All entries are to be transcribed verbatim, but images are not carried over.

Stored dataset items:
+===+

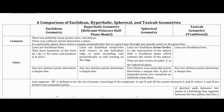Some things that all four geometries have in common: there are infinitely many points, lines, and planes in all four geometries. Any three non-collinear points determine a plane. And in a particular plane, there exists a unique perpendicular line to any given line through any specified point on that given line.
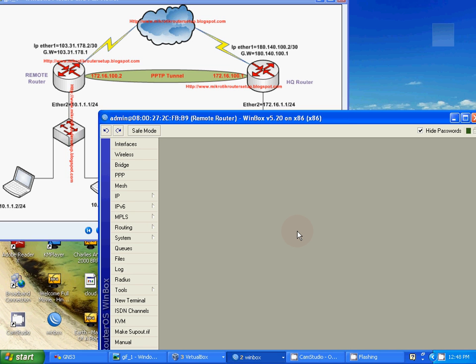Hi guys, this video provides how to configure PPTP client for remote router. The HQ router is already configured here and they provide username remote and password secret.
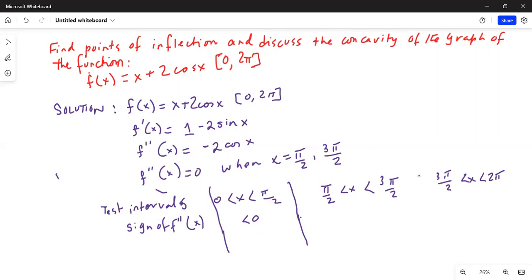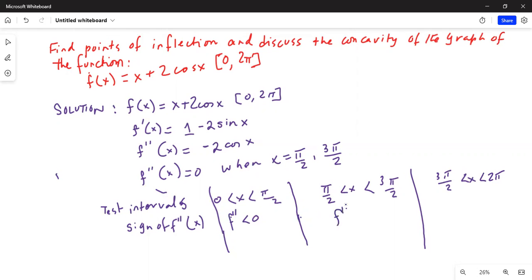Now testing between the interval pi over 2 and 3 pi over 2: here cosine x is negative, so negative 2 times a negative value is positive. So f double prime is greater than 0 in this interval.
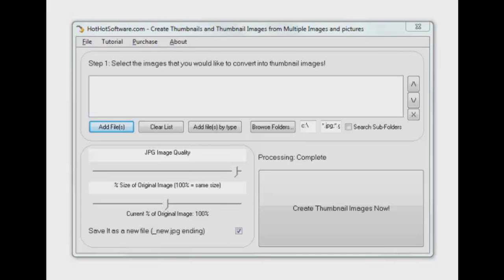Welcome back to HotHotSoftware. I was on one of these websites where you can look for work the other day and there was somebody on there that had thousands of images they wanted to get into thumbnails.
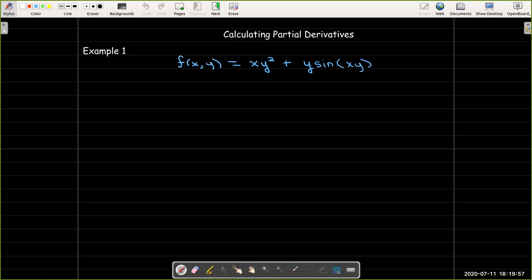In this video, we will work out three examples of calculating partial derivatives using the rules of differentiation.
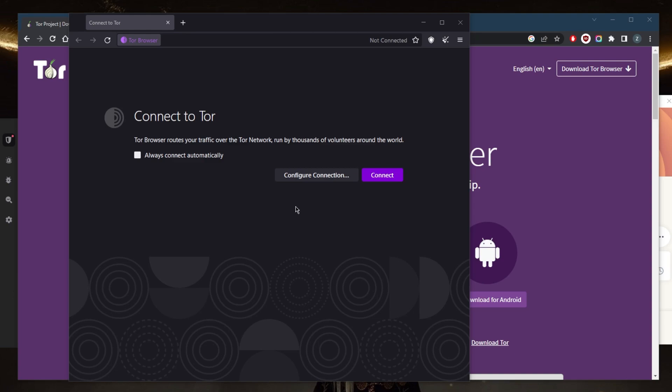Third, avoid using personal information when using the Tor browser. It's a good idea to avoid using your name, email address, or phone number, as this will help protect your anonymity.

+===+

Result of this task:
Some things that all four geometries have in common: there are infinitely many points, lines, and planes in all four geometries. Any three non-collinear points determine a plane. And in a particular plane, there exists a unique perpendicular line to any given line through any specified point on that given line.
Hi guys, this video provides how to configure PPTP client for remote router. The HQ router is already configured here and they provide username remote and password secret.
Now testing between the interval pi over 2 and 3 pi over 2: here cosine x is negative, so negative 2 times a negative value is positive. So f double prime is greater than 0 in this interval.
Welcome back to HotHotSoftware. I was on one of these websites where you can look for work the other day and there was somebody on there that had thousands of images they wanted to get into thumbnails.
In this video, we will work out three examples of calculating partial derivatives using the rules of differentiation.
Third, avoid using personal information when using the Tor browser. It's a good idea to avoid using your name, email address, or phone number, as this will help protect your anonymity.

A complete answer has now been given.